Mary’s birth story might be the most famous and celebrated birth story. Mary gives birth to her firstborn son and places him in a manger. But let’s just pause a moment inside this phrase, “Mary gives birth.”
I could tell you about how long I labored with Lydia and how my body apparently didn’t want to ever deliver a child, and how we had an emergency c-section because she was under stress, or I could tell you how we planned our next c-section and Elvis nearly died with respiratory distress syndrome, or I could share with you my final cesarean birth with Henry, gratefully complication-free, except for that whole, slice-open-the-abdomen-to-pull-out-your-baby part.
But I won’t go into any more detail, except for this quote: “At the beginning of the 20th century, for every 1000 live births, six to nine women in the United States died of pregnancy-related complications, and approximately 100 infants died before age 1 year.” For those of you who are math-challenged, that’s 10% of infants born and almost 1% of women. Just one hundred years ago, one in ten infants died before the age of one.
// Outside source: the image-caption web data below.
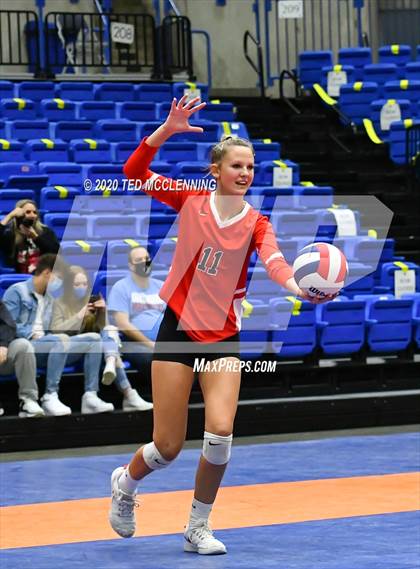 Thumbnail 2 in Mansfield vs. Lavaca (AAA 2A State Final) photogallery.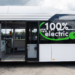 Wybrano dostawcę kolejnych ośmiu autobusów elektrycznych. Ich koszt to blisko 32 mln zł 8 Wybrano dostawcę kolejnych ośmiu autobusów elektrycznych
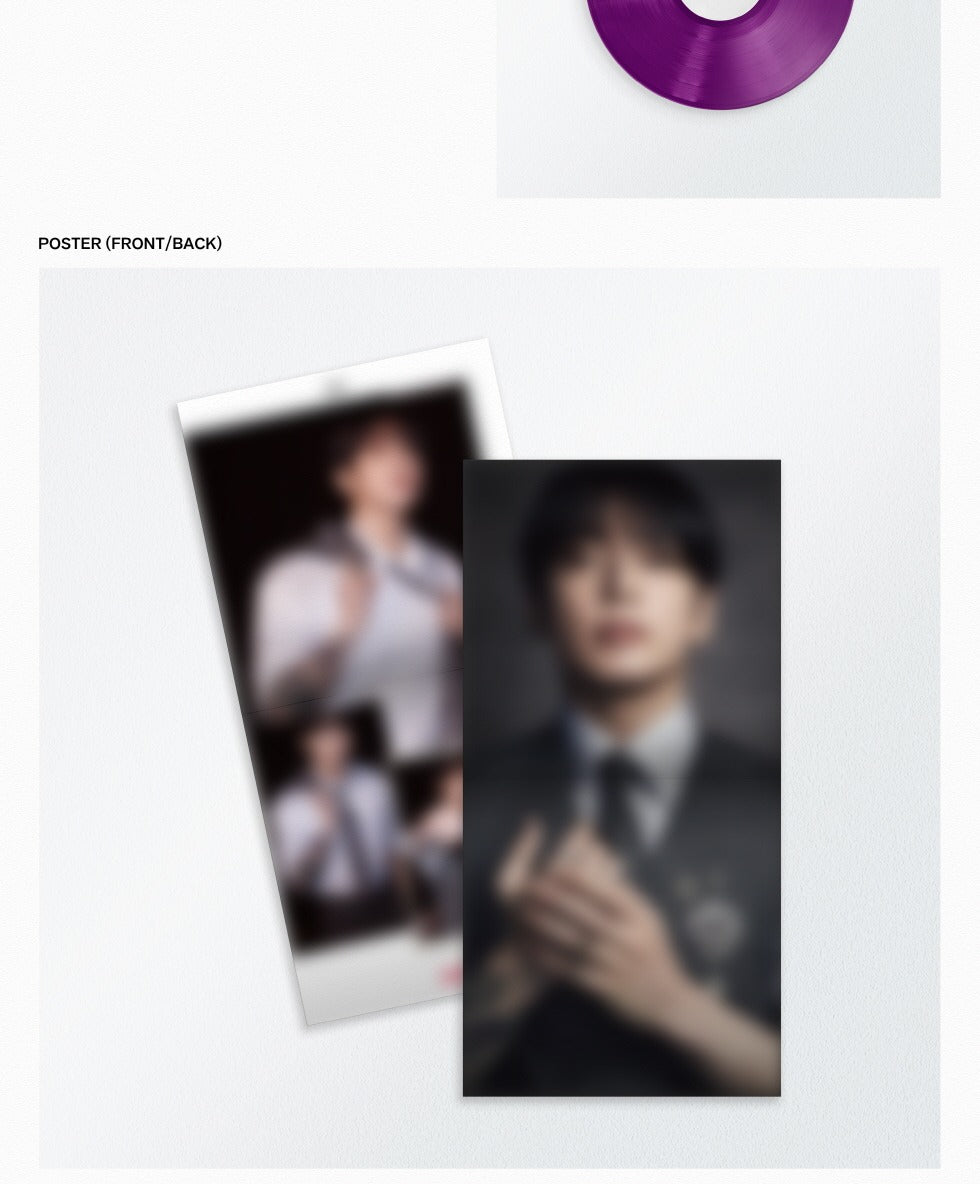 BTS - 5th Album [ARIRANG 아리랑] Standard LP Vinyl Version (8 Versions)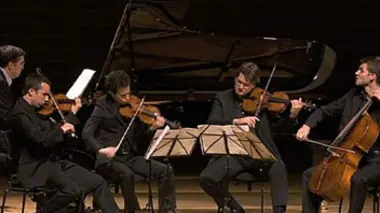 Musique de chambre française à Pleyel Fauré, Franck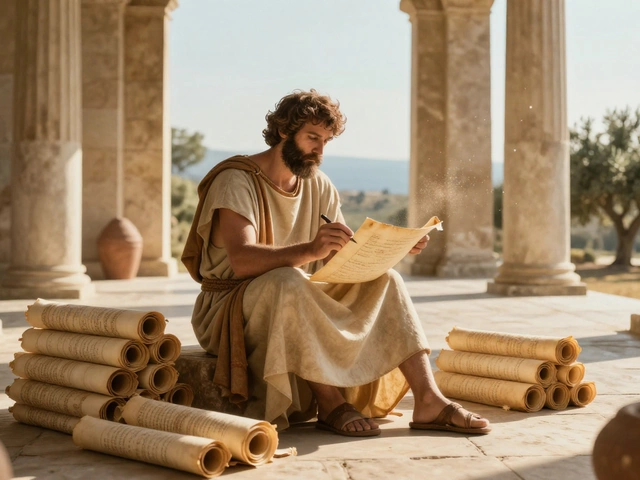 Кто является отцом истории: Геродот и его методы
In biblical times, it is estimated that infant mortality rate was around 30%.
Can you feel the weight of that, women?
In the last 100 years, advancements in medicine have reduced the rate of infant mortality and pregnancy-related complications. By 1997, the infant mortality rate declined to 7.2 per 1000 live births, and the maternal mortality rate dropped to less than 0.1 reported deaths per 1000 live births (from “Achievements in Public Health, 1900-1999: Healthier Mothers and Babies“).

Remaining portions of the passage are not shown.